▶ Image-text web data:
┌────────
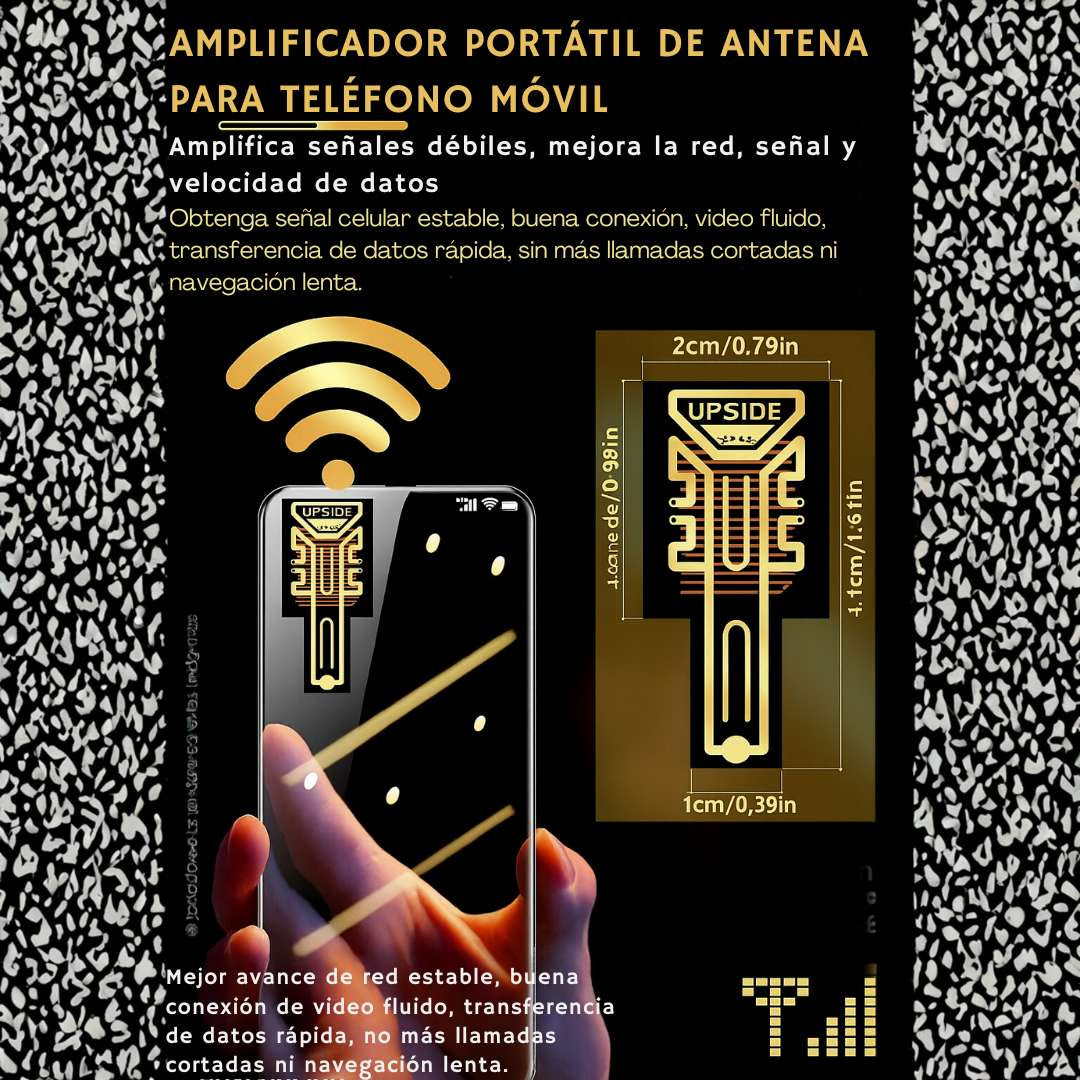 BoostLink™ Combo 2x1 – Tecnología Tesla para mejor señal 📡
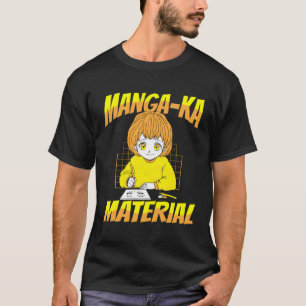 T-shirt Ga Kawaii Otaku Japon Cosplay japonais Anime Anim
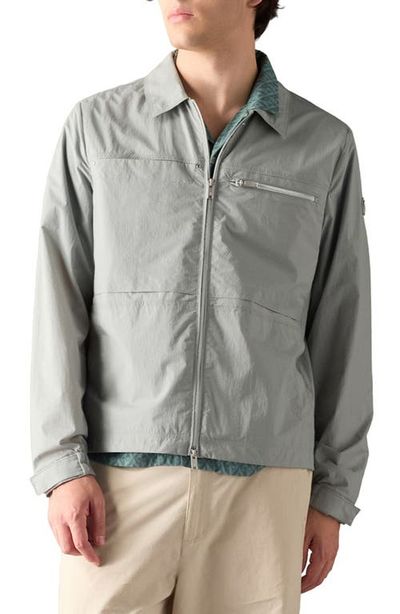 Moose Knuckles Moose Knuckles Topflight Water Repellent Shirt Jacket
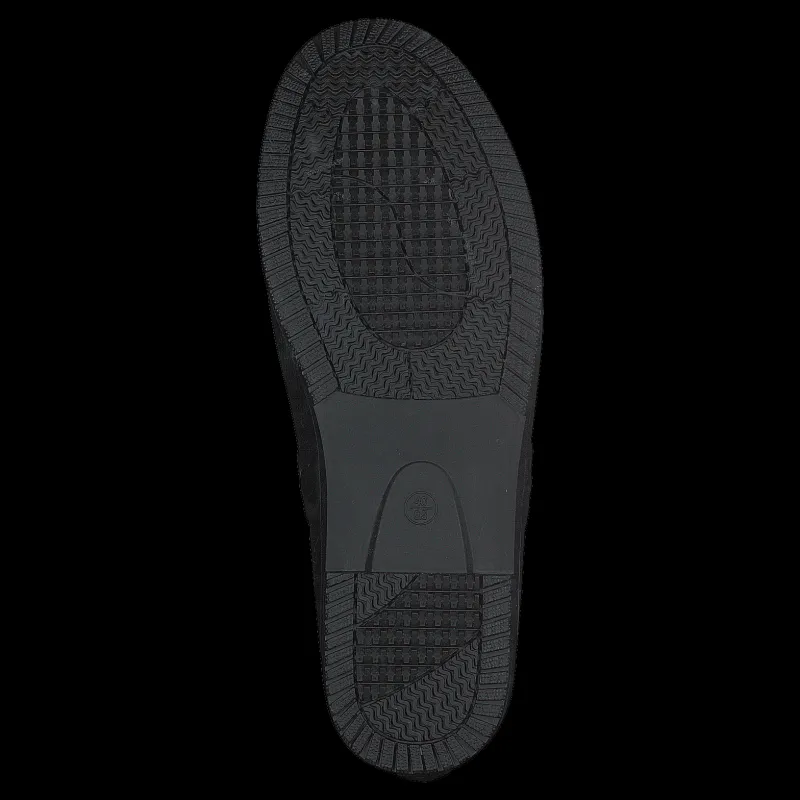 Lacrosse Welly Fashion Buckle Black Grå och Svart Best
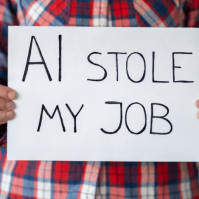 If AI Takes Our Jobs, What Are We For?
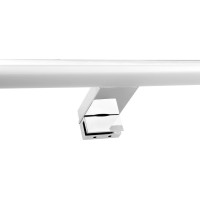 Sapho PANDORA LED svietidlo, 15 W, 808x15x112 mm, chróm (26693CI) E27576CI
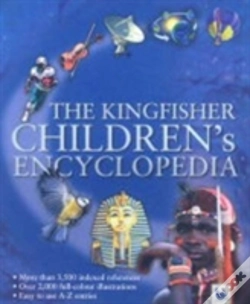 Capa do artigo Kingfisher Children'S Encyclopedia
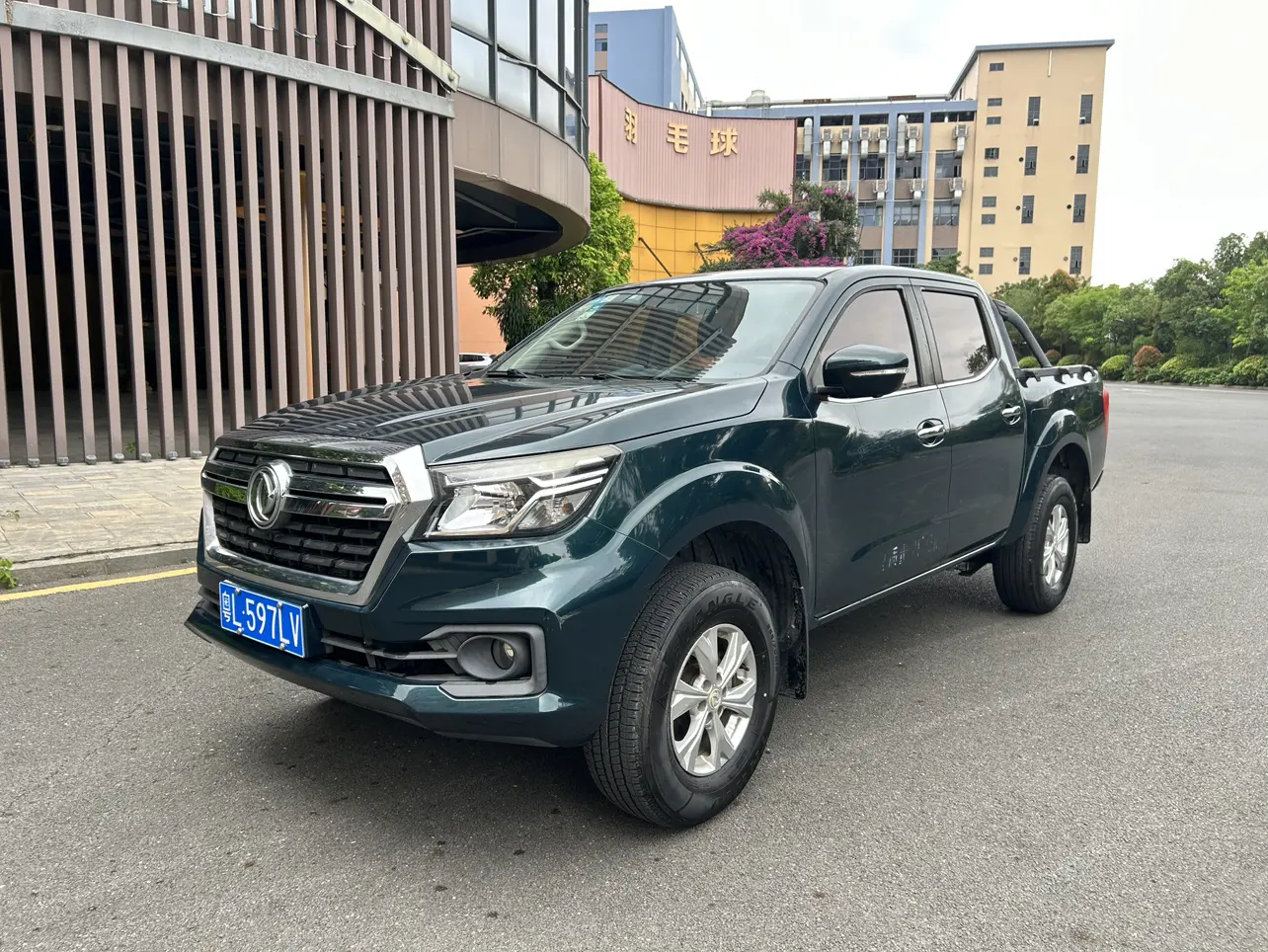 Dongfeng Ruiqi 6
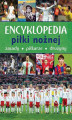 Okładka książki: Encyklopedia piłki nożnej. Zasady, piłkarze, drużyny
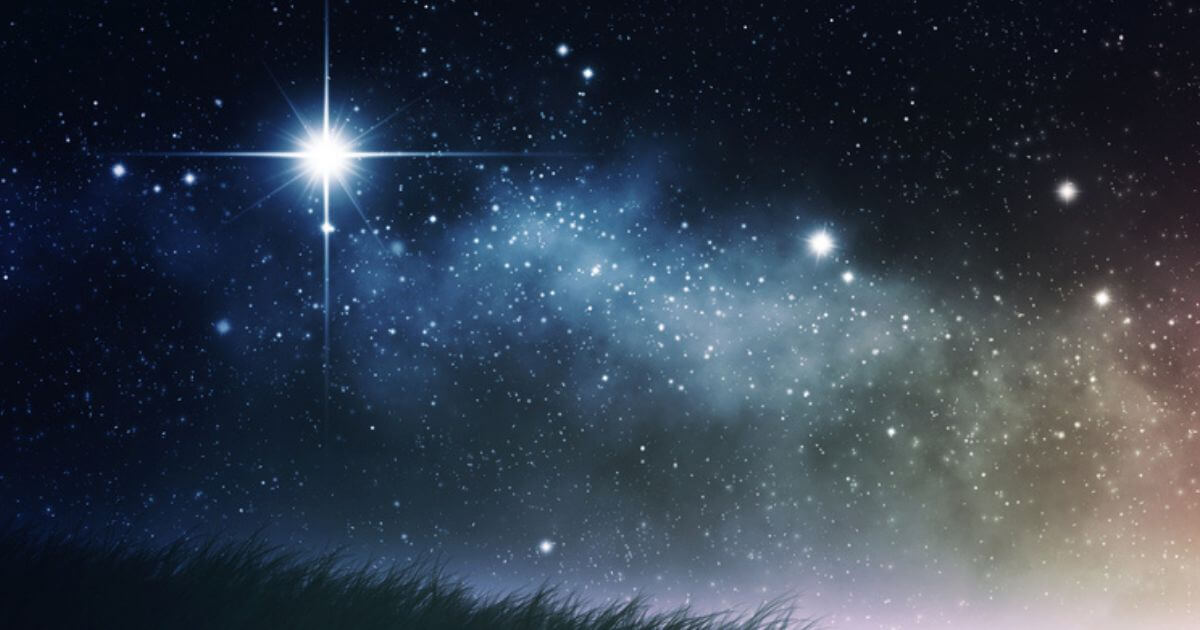 The star of Bethlehem – What was it?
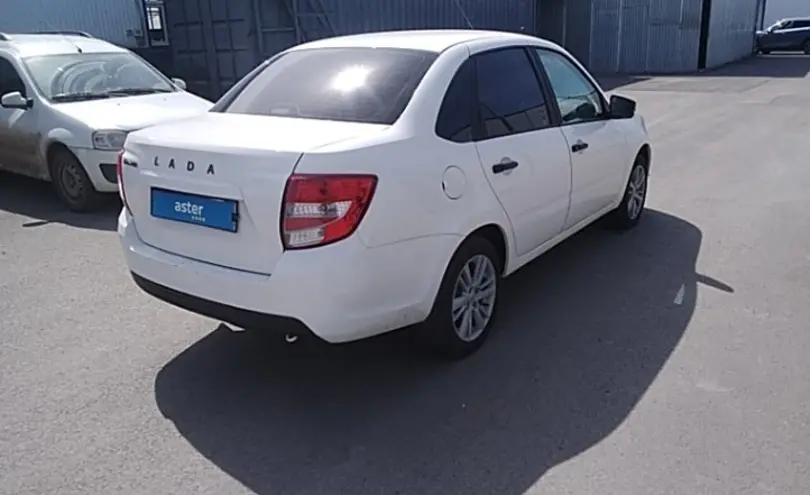 LADA (ВАЗ) Granta 2023 года за 5 500 000 тг. в Атырау фото 5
└────────
▶ WORK INSTRUCTIONS:
With the pictures omitted, print each line of the data above precisely as given.

▶ ANSWER FOR THIS EXERCISE:
 BoostLink™ Combo 2x1 – Tecnología Tesla para mejor señal 📡
 T-shirt Ga Kawaii Otaku Japon Cosplay japonais Anime Anim
 Moose Knuckles Moose Knuckles Topflight Water Repellent Shirt Jacket
 Lacrosse Welly Fashion Buckle Black Grå och Svart Best
 If AI Takes Our Jobs, What Are We For?
 Sapho PANDORA LED svietidlo, 15 W, 808x15x112 mm, chróm (26693CI) E27576CI
 Capa do artigo Kingfisher Children'S Encyclopedia
 Dongfeng Ruiqi 6
 Okładka książki: Encyklopedia piłki nożnej. Zasady, piłkarze, drużyny
 The star of Bethlehem – What was it?
 LADA (ВАЗ) Granta 2023 года за 5 500 000 тг. в Атырау фото 5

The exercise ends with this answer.